It is the responsibility of the data owner (i.e. the business) to ensure the data provided to the Customer First Project for migration into SAP (whether this is from a legacy source or a template populated specifically for the CF project) is accurate.

Data cleansing should, wherever possible, be done at source, i.e. in the legacy systems, for the following reasons:

• Unless a data change freeze is put in place, extracted datasets become out of date as soon as they have been extracted, due to updates taking place in the source system. When re-extracting the data at a later date to get the most recent updates, data cleansing actions will get overwritten. Therefore cleansing will have to be repeated each time a new dataset is extracted. In most cases, this is impractical and requires a large effort.

• Data cleansing is typically a business activity. Therefore, cleansing in the actual legacy system has the advantage that business people already have access to the legacy system, and are also familiar with the application. Something that is not the case when data is stored in staging areas. In certain cases it may be possible to develop a programme to do a certain degree of automated cleansing although this adds additional risk of data errors.
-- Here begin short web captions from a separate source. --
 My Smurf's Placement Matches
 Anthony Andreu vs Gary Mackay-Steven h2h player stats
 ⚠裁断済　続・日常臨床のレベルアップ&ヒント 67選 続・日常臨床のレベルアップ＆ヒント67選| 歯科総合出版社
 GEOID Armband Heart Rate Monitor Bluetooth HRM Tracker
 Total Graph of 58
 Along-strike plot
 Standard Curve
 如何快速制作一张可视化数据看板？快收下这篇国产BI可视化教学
• If data cleansing is done at source, each time a new (i.e. more recent) extract is taken, the results of the latest cleansing actions will automatically come across in the extract without additional effort.

Data Migration Methods

There are four primary methods of transferring data from a legacy system into SAP. The most appropriate method will depend on the volume and complexity of data to be migrated for each data object.
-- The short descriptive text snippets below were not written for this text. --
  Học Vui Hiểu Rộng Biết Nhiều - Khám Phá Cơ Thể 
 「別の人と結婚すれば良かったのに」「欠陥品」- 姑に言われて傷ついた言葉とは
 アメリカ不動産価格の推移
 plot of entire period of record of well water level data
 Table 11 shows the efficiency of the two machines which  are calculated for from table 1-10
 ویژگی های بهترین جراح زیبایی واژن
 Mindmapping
1 Legacy System Migration Workbench (LSMW).

This is a facility provided by SAP that enables migrated data to be first cleansed in spreadsheets (or access depending on the data volumes), and subsequently loaded into SAP via predetermined field mapping. The facility also caters for ‘data transformation’ where field values can be created from simple predefined logic. It is the preferred tool for all data migration into SAP. The main benefits are:

• A highly flexible tool provided and supported by SAP.

• Independence from SAP releases, platforms and the kind of data to be migrated.

• Independence from SAP releases, platforms and the kind of data to be migrated.

• A step by step guide through the data migration process.

• Generates ABAP code once data transfer has been configured.

• It allows additional ABAP coding for complex data loads.

• It allows reusability of data mapping and conversion rules.

2 LSMW process flow

The LSMW process flow is made up of the following steps:

• Read data (legacy data in spreadsheet tables and/or sequential files) from a file on a local PC or file server.

• Convert data (from the source into the target format).

• Import data (to the database used by the SAP application).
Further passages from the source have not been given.